I had never seen this fourier
command before. From what I gather, it returns the expression for the Fourier transform of the input to the command, specified as a symbolic expression. Think of it as giving you the actual expression for the Fourier Transform you would get by computing it with pen and paper.
Will this recorded object recObj be considered as continuous time signal or discrete time signal?
To be precise, this recObj
object is an object of type audiorecorder
. The function getaudiodata()
applied to this object gives you access to the sampled data, i.e. discrete data.
How can we get its frequency domain representation? Using 'fourier' command?

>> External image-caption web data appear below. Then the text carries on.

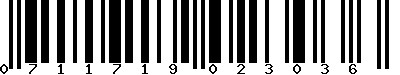 EAN-13 : 0711719023036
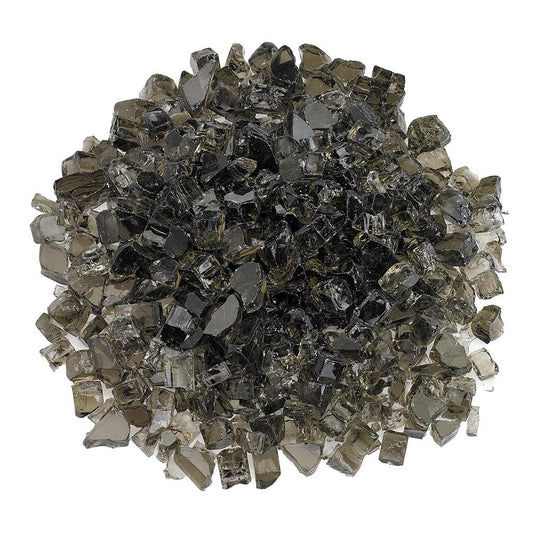 American Fire Glass 1/2-Inch Classic Fire Glass, 10-Pounds, Bronze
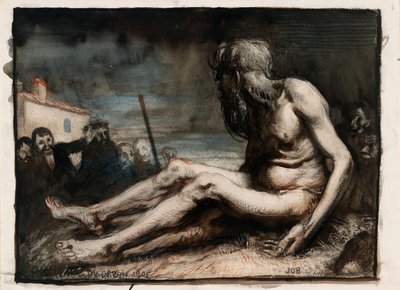 Job sobre el estercolero de William Orpen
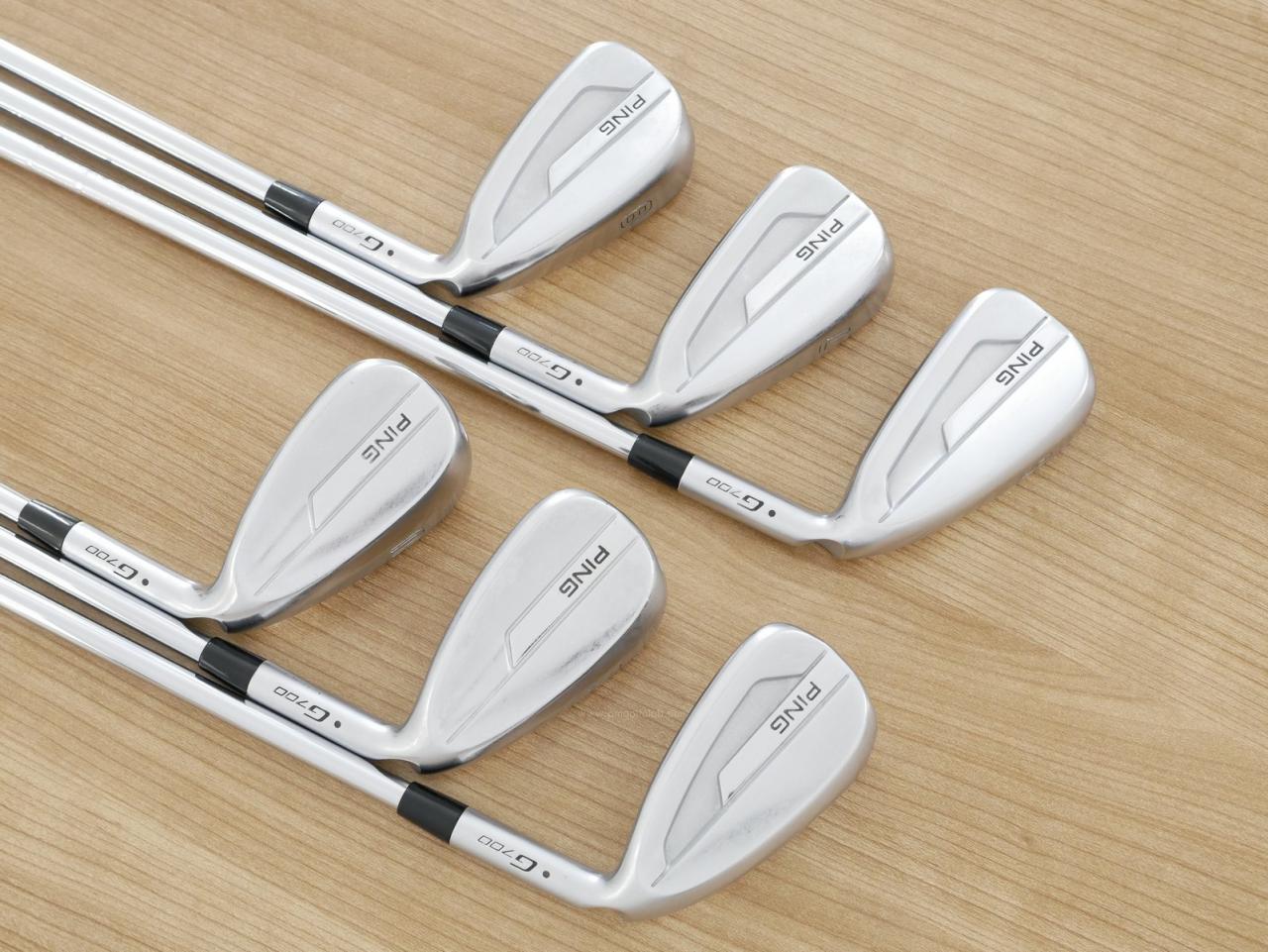 Iron set : Ping : ชุดเหล็ก Ping G700 (ปี 2019 Japan Spec. ใบใหญ่ ง่ายที่สุด ไกลที่สุดของ Ping) มีเหล็ก 6-Pw,Aw (6 ชิ้น) ก้านเหล็ก NS Pro 850 Flex R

No. You would use the DFT (Discrete Fourier transform), available through the fft function for example, if your signal is stationary. If your signal is non-stationary (speech or music for example), you would want to have a time-frequency representation of your data, to see how the frequency content changes over time. For this, you could use the STFT (Short Time Fourier transform), available through the spectrogram function
Let's go through the example you're using, and I'll add some precisions for you:
% Define sampling and recording parameters:
Fs = 44100; % sampling frequency
nBits = 16; % number of bits used to represent each sample of the discrete data
nChannels = 1;
ID = -1; % default audio input device
% Initialize an audiorecorder object
recObj = audiorecorder(Fs,nBits,nChannels,ID);
% Record: speak or sing, the data is continuous when it reaches the microphone on your device, and goes through an Analog to Digital converter that samples it. The data stored is now discrete.
disp('Start speaking.')
recordblocking(recObj,5);
disp('End of Recording.');
For illustration purposes, this is what I get when recording the phrase:
$$
\textit{I hope this answer helps you}$$
Let's first look at the frequency content, using fft
:
% get the discrete data out of recObj
x = getaudiodata(recObj);
% Get the frequency content
N = length(x);
X = fft(x,N); X = X(1:N/2);
psd = 2*abs(X).^2/(Fs*N); % Power spectral density, don't worry about the scaling too much for now.
% Plot the frequency content
figure(1)
freqVec = (0:N/2-1)*Fs/N;
plot(freqVec, 10*log10(psd));
xlabel('Frequency (Hz)');
ylabel('Power (dB/Hz)');
grid on

Not much to see right? That's because what you recorded probably has frequencies that vary over time. Let's go to a time-frequency representation, using spectrogram
:
% Get the time-frequency content
winLength = 4096;
[s,t,f] = spectrogram(x, winLength, winLength/4, winLength, Fs);
% Plot
figure(2)
surf(f,t,10*log10(abs(s).^2),'edgecolor','none');
axis tight; view(0,90);
xlabel('Time (s)')
ylabel('Frequency (Hz)')

Try it out, and let us know if anything is unclear!